'''

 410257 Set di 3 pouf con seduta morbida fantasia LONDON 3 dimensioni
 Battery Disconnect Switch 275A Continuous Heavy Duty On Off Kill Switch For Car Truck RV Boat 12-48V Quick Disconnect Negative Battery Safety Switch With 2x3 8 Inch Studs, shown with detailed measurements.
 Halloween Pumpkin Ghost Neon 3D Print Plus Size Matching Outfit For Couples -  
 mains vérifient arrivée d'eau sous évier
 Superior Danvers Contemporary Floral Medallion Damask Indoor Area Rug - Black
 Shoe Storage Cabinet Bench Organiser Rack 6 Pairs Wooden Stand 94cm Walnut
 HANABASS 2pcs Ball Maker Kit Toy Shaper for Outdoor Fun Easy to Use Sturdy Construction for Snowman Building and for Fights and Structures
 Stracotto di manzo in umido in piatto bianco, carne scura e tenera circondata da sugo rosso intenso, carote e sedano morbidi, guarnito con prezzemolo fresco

'''
'''

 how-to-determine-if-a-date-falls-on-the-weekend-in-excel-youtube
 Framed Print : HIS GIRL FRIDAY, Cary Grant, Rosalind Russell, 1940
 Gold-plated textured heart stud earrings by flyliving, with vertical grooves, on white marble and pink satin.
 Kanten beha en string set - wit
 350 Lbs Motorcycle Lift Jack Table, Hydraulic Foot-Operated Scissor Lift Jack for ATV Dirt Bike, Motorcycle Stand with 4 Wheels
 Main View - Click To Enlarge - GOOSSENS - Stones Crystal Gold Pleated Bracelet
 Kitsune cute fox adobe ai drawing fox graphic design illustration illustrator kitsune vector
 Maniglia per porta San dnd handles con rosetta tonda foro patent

'''

EXERCISE DIRECTIONS
Look above for the line with "Shoe Storage Cabinet" and the line with "Stracotto di manzo"; transcribe both and all lines in between, exactly, and nothing else.

ANSWER BOX
 Shoe Storage Cabinet Bench Organiser Rack 6 Pairs Wooden Stand 94cm Walnut
 HANABASS 2pcs Ball Maker Kit Toy Shaper for Outdoor Fun Easy to Use Sturdy Construction for Snowman Building and for Fights and Structures
 Stracotto di manzo in umido in piatto bianco, carne scura e tenera circondata da sugo rosso intenso, carote e sedano morbidi, guarnito con prezzemolo fresco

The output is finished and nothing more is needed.